Dipping My Toe Into Non-Fiction Waters

One of the funniest things that happens to me when I come back to this blog is looking at the titles of all the blog posts that I started to write, but didn’t. I mean, if I were more diligent, you (dear Reader) could have been learning about things like My Year In Review, Planning for My Inevitable Failure (on Twitter, not in life, for the record), and The Future Is Horrible (But The Present’s Just Fine). But alas, I usually only post here when I get passionate enough about something to let it bubble up to the surface into one long post about THINGS I CARE ABOUT!!1!!111!!

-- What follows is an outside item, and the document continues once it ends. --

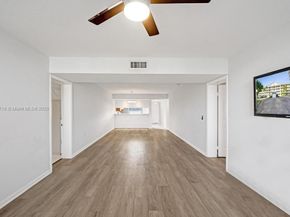 1715 Whitehall Dr 305, Davie FL 33324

However, there are times when I do write non-fiction from start to finish, and those are when I have been asked to by an editor. In fact, all of my non-fiction pieces have either been solicitations or through a personal connection (AKA I threw myself at the mercy of the editors of the soap opera anthology I am in because I have always wanted to write something about soap operas). I feel very fortunate to occasionally pop up on people’s radars, and recently, it’s led to me writing my first ever set of reviews.

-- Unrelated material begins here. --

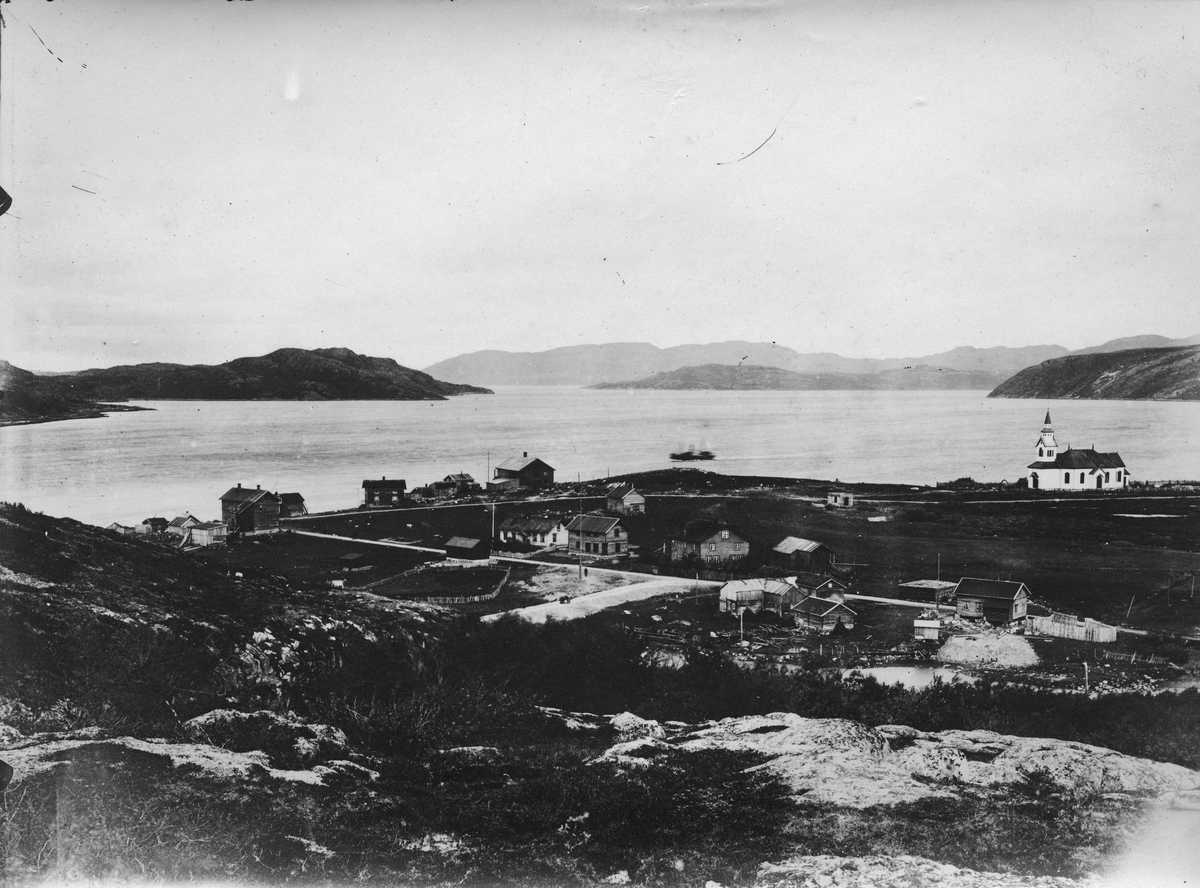 Panorama over Kirkenes med Bøkfjorden i bakgrunnen, 1907.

The first review, Rebirth, Truth-with-a-Tea, and FIYAH, is appearing in People of Color Take Over Fantastic Stories of the Imagination, and is a look at the first two issues of FIYAH, the new magazine of black speculative fiction. The second is a review of the book Sleeping With Monsters, which is itself a book of reviews and personal essays by Tor.com columnist Liz Bourke (a review of reviews! I’m so meta!). So…how did I do it? Here is a quick look into my reviewing process:

Act I

  1. Read the thing.
  2. Take notes on the thing I am reading as I go. The notes are not super in-depth. More like a reminder of what the individual story/section was about and how I felt about it – my first impressions, so to speak.
  3. Become overwhelmed by all the thoughts that I have about the thing I read. Go back and re-read parts. Take more notes. Look for themes in current notes and write them down. Think about what I have written.
  4. Remind myself that I have a deadline to meet and I have to write something that can be put in print somewhere.
  5. Start writing.
  6. Erase what I wrote.
  7. Start writing again.
  8. Curse the day I ever learned to put pen to paper. Scroll through Facebook. Discover that all my writing friends have written 2,000,000 words for their latest project in the last 15 minutes. Simultaneously cheer them and sigh.
  9. Start writing again. Kind of like what I’m writing. Keep going for a bit.
  10. Lose my train of thought. Go back to the thing and read again.  Possibly take a break for loud singing along to musical theater.

Act II

  1. Get back in the mood. Hit my stride. Typity typity type type type.
  2. Agonize over an ending line. Avoid agony by revising the first unrevised section.
  3. Repeat step 12 until the ending is all that is left.
  4. Remind myself that I have a deadline to meet and I have to finish the review. Repeat “the perfect is the enemy of the good” like a mantra under my breath. Finish the review.
  5. Send the review to editor. Read it again after it is gone. Discover 1,000 ways I could have made it better. Decide all 1,000 ways are my brain playing tricks on me, like an editorial mirage.
  6. Get revisions back from editor. Review and implement changes. Think on how brilliant editor is and make my goal to reach similar editorial heights in future.
  7. Send final version to editor.
  8. Have existential crisis about the nature of judgment.
  9. Sing more musical theater and/or watch episodes of shows I have seen 500 times already but still love.
  10. Wait until the review hits the stands (so to speak). Hope that it was helpful. Get nostalgic over previous 19 steps. Move on to the next thing.

And there you have it. Hopefully what I’ve put together turns out to be worth it to whoever is reading it, but regardless (and this isn’t just the nostalgia talking), I had a blast. I can’t wait for my next non-fiction adventure.